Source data
◇ ◇ ◇ ◇ ◇
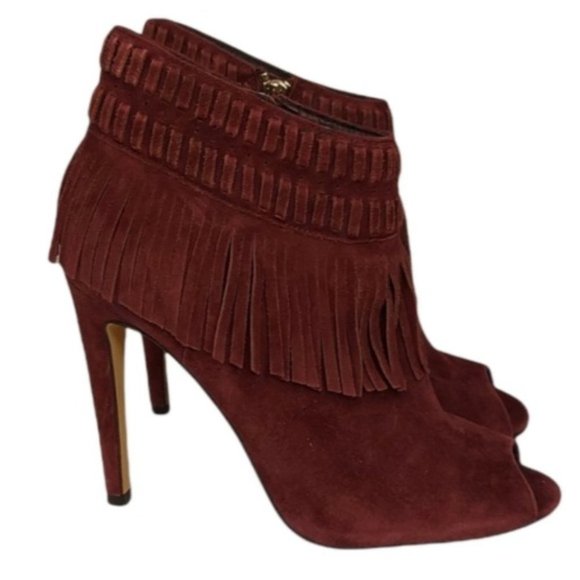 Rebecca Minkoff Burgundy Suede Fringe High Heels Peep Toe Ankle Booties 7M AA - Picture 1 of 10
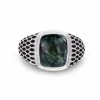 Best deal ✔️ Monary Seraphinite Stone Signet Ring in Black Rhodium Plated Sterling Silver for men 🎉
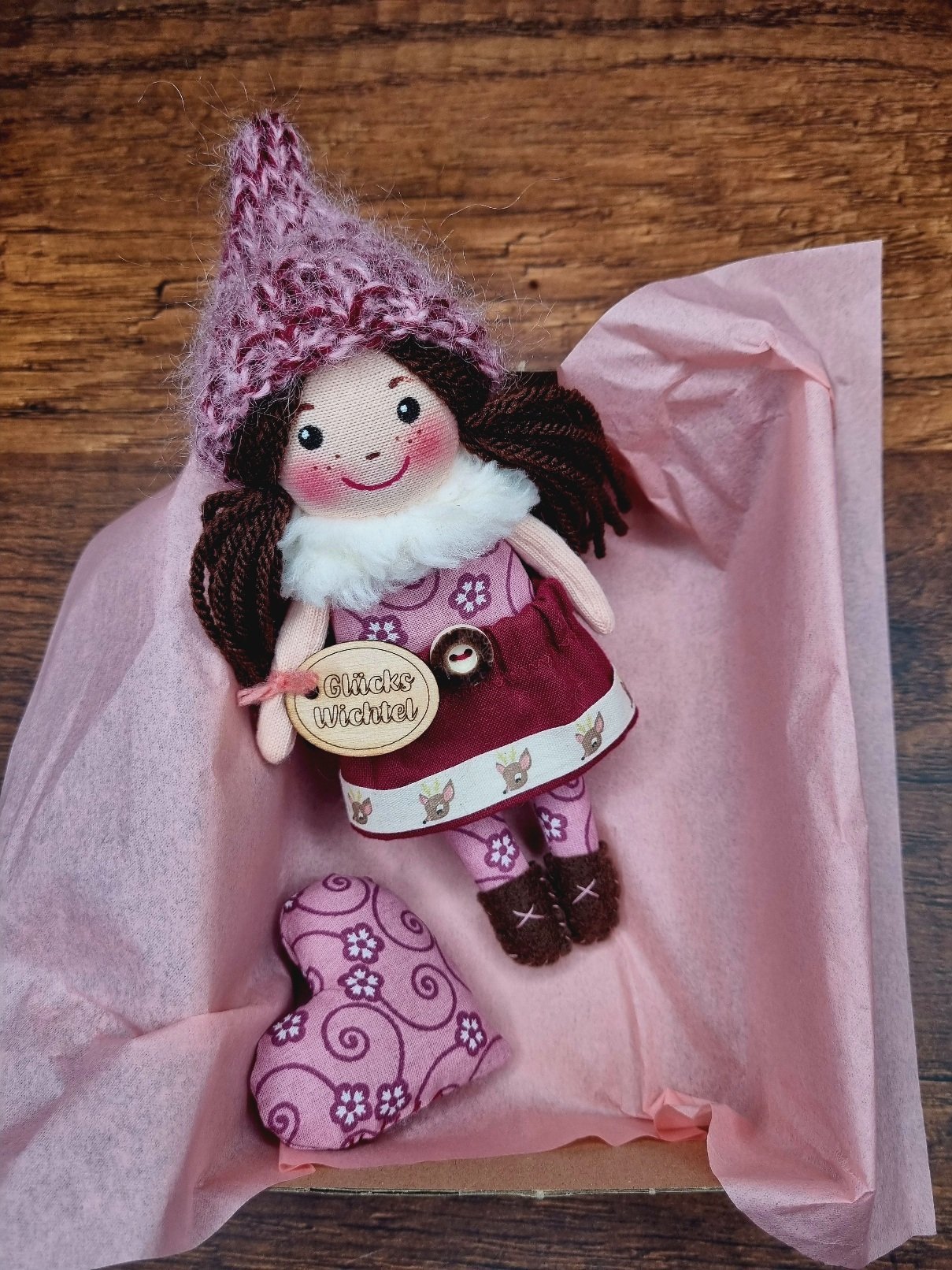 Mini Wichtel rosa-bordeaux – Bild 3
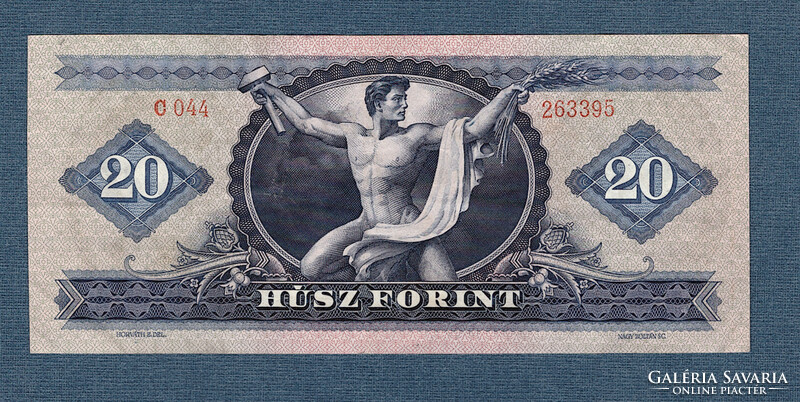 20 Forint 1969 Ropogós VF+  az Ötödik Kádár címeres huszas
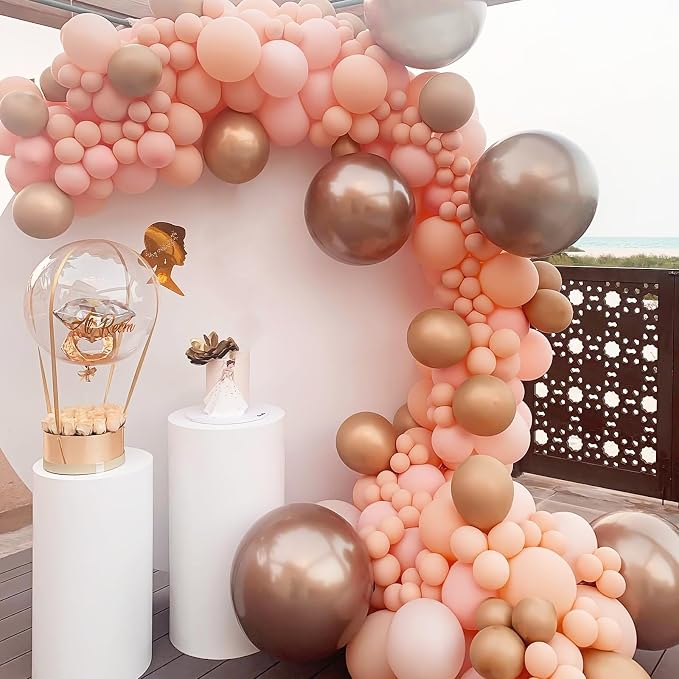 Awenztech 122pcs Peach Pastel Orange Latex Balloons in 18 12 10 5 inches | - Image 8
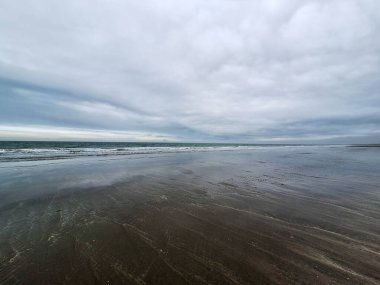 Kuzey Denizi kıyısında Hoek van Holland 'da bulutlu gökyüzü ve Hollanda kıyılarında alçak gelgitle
◇ ◇ ◇ ◇ ◇
**Assignment:** Give again, word for word, the line containing "20 Forint 1969" and every line after it to the end of the records; leave out the pictures.

**The completed task:**
 20 Forint 1969 Ropogós VF+  az Ötödik Kádár címeres huszas
 Awenztech 122pcs Peach Pastel Orange Latex Balloons in 18 12 10 5 inches | - Image 8
 Kuzey Denizi kıyısında Hoek van Holland 'da bulutlu gökyüzü ve Hollanda kıyılarında alçak gelgitle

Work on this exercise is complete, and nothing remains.